4.2.1 Joint Covariance Stationary Series (Weak-Sense Stationarity)
A set of time series \(X_t\) and \(Y_t\) are jointly covariance stationary if they satisfy:
- Constant Mean: \(E[X_t] = \mu_X\), \(E[Y_t] = \mu_Y\) for all \(t\).
- Constant Variance: \(Var(X_t)\) and \(Var(Y_t)\) do not change over time.
- Autocovariance Depends Only on Lag: \(Cov(X_t, X_{t-h})\) and \(Cov(Y_t, Y_{t-h})\) depend only on the lag \(h\), not on \(t\).
If two time series are both weakly stationary, then any linear combination of them is also stationary.
4.2.2 Cointegrated Series
A set of time series \(X_t\) and \(Y_t\) are cointegrated if:
Each series is \(I(1)\) (non-stationary) process.
A linear combination exists that is \(I(0)\) (stationary) process:
\[ \beta_1 X_t + \beta_2 Y_t = u_t \]
where \(u_t\) is \(I(0)\) (stationary) process.
Thus, even though individual variables are non-stationary, their linear combination is stationary, implying a long-run equilibrium relationship.

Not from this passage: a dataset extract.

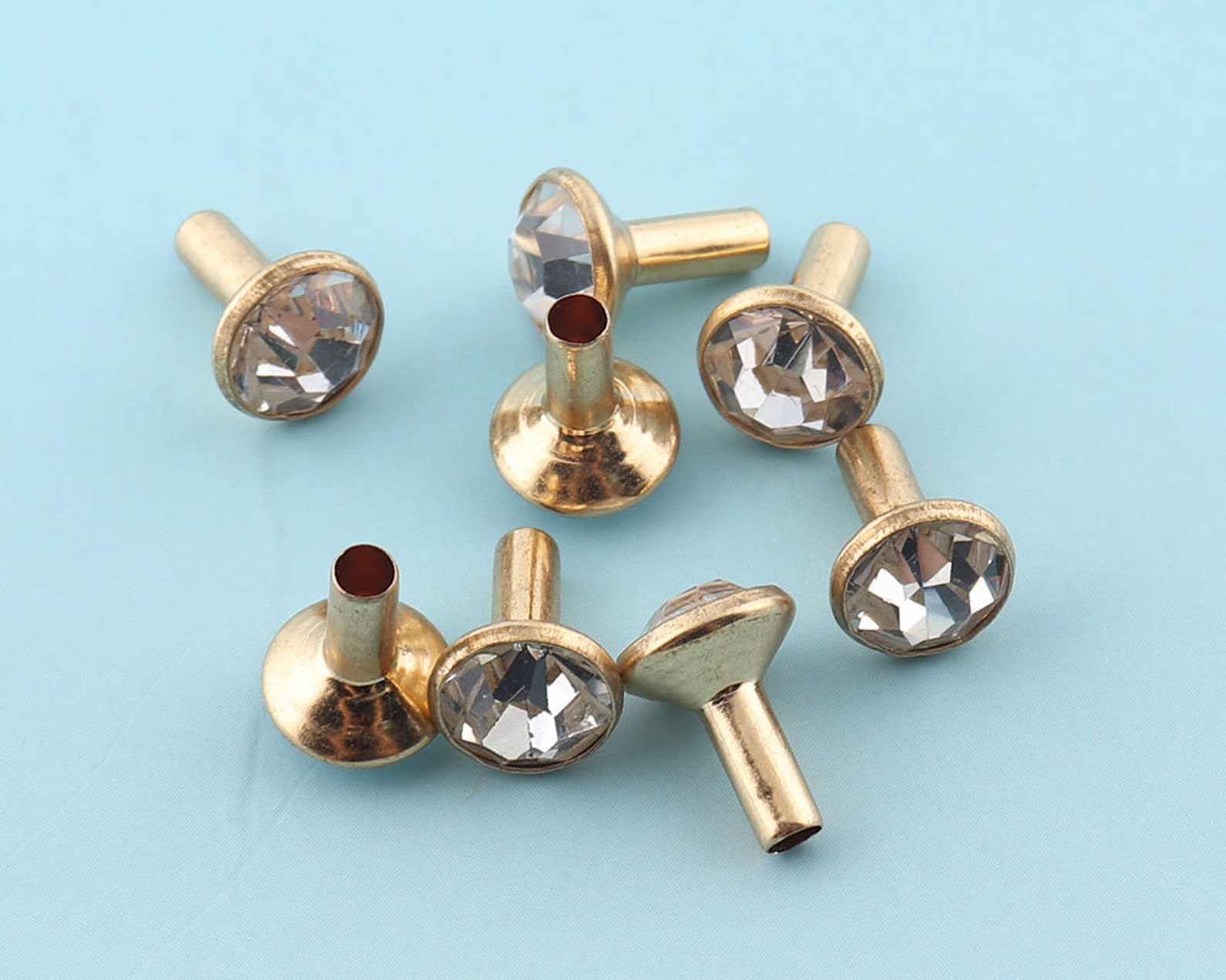 Gold Rapid Rivets 20PCS 8mm Rivets Metal Button Rivets With Silver ...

4.2.3 The Relationship Between Covariance Stationarity and Cointegration
Property | Joint Covariance Stationary Series | Cointegrated Series |
---|---|---|
Stationarity | Each series is stationary (I(0)) | Each series is non-stationary (I(1)), but a linear combination is stationary |
Unit Root \(I(d)\) | I(0) for each series | I(1) for each series, but a specific linear combination is I(0) |
Mean & Variance Stability | Mean & variance are constant over time | Individual series do not have stable mean & variance, but the combination does |
Long-run Relationship | No long-term relationship constraint | A long-run equilibrium relationship exists |
4.2.4 Cointegrated Series Can Be Transformed into Covariance Stationary Series
If \(X_t\) and \(Y_t\) are cointegrated, their first differences \(\Delta X_t\), \(\Delta Y_t\) (or the residual \(u_t\)) are stationary.
- The error correction term \(u_t\) is stationary \(I(0)\) process, meaning it satisfies the covariance stationarity conditions.
4.2.5 Joint Covariance Stationary Series Are Not Cointegrated
If \(X_t\) and \(Y_t\) are both already \(I(0)\) (stationary), then any linear combination of them is also stationary.
- They cannot be cointegrated because cointegration only applies to non-stationary (\(I(1)\)) series.
- If all series are already covariance stationary, testing for cointegration is unnecessary.
4.3 Implications for Empirical Analysis
- Before testing for cointegration, check for stationarity. If all series are \(I(0)\), cointegration does not apply.
- If series are cointegrated, their residuals (error correction term) should be covariance stationary.
- Many macroeconomic variables (e.g., GDP & consumption, money supply & inflation) are cointegrated rather than purely covariance stationary.